RECORDS FOR THIS EXERCISE:

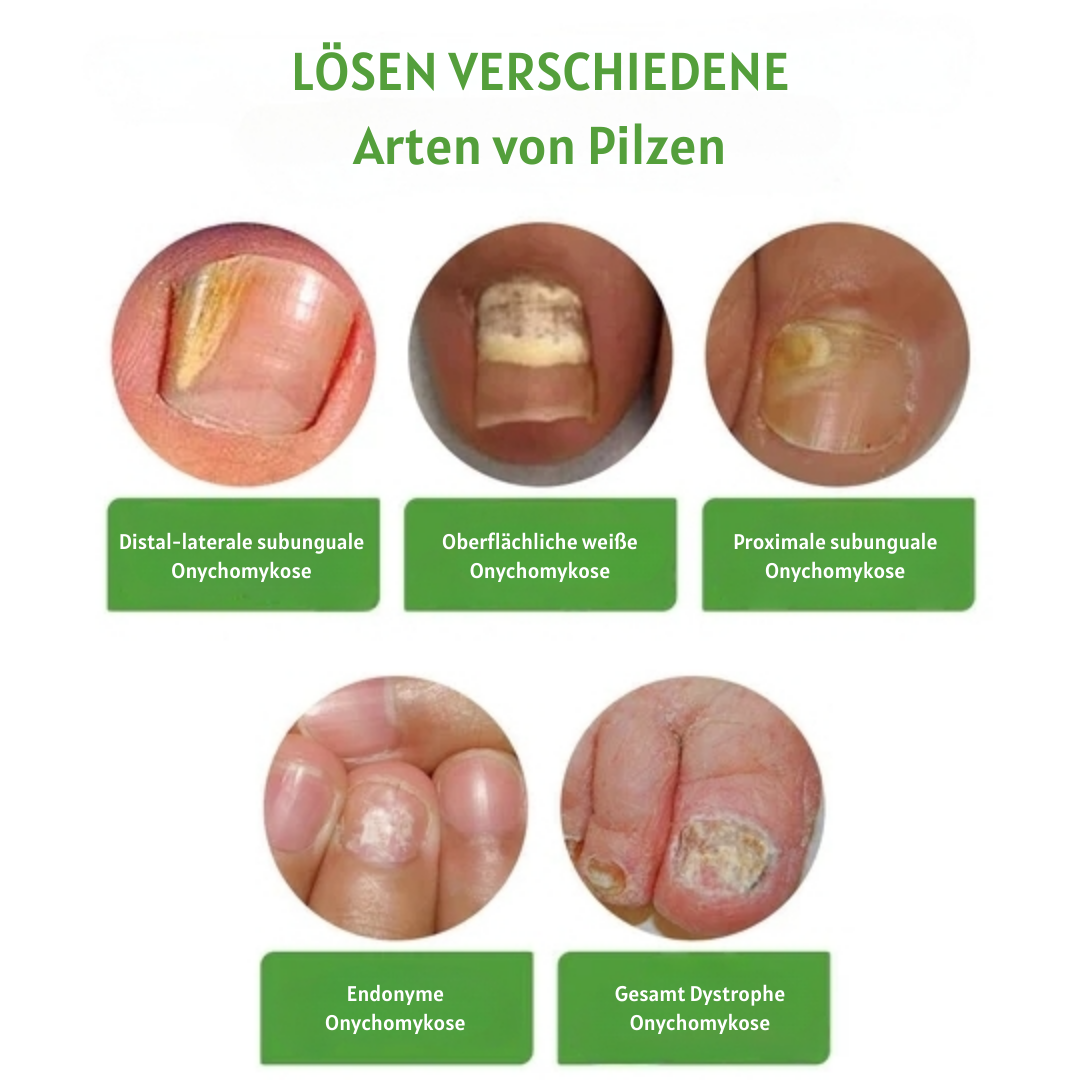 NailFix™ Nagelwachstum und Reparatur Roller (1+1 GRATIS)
---
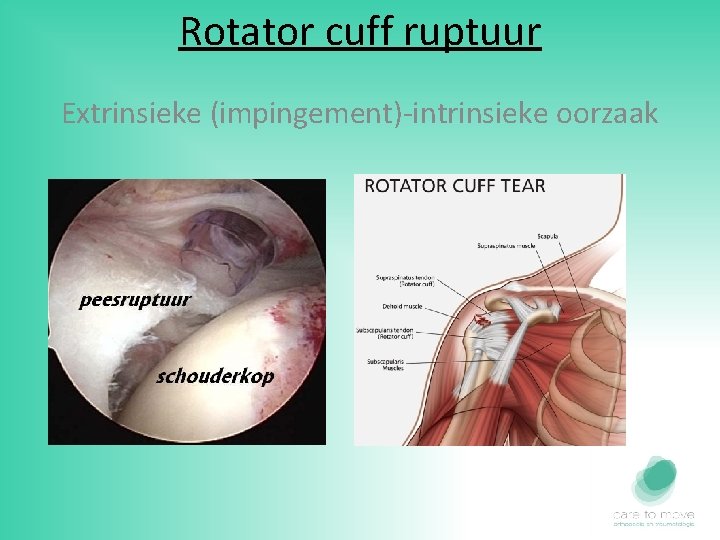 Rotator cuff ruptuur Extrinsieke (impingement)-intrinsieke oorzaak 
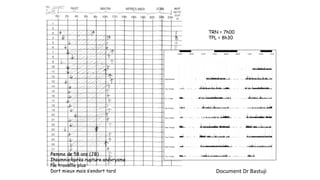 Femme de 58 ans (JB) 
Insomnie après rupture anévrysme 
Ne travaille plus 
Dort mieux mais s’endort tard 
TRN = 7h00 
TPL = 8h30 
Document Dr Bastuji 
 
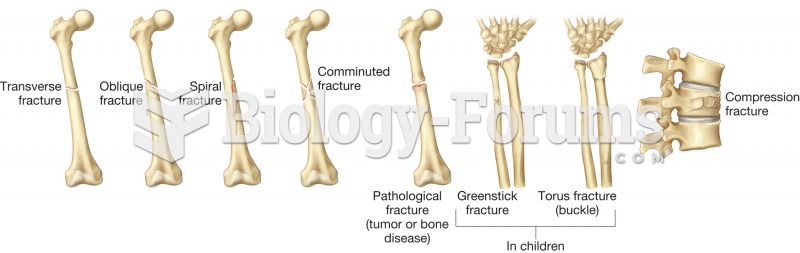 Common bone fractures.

TASK STATEMENT: Print exactly the lines above that run from the one with "Femme de 58 ans (JB)" to the one with "Common bone fractures.", both included. No pictures.

COMPLETED EXERCISE:
 Femme de 58 ans (JB) 
Insomnie après rupture anévrysme 
Ne travaille plus 
Dort mieux mais s’endort tard 
TRN = 7h00 
TPL = 8h30 
Document Dr Bastuji 
 
 Common bone fractures.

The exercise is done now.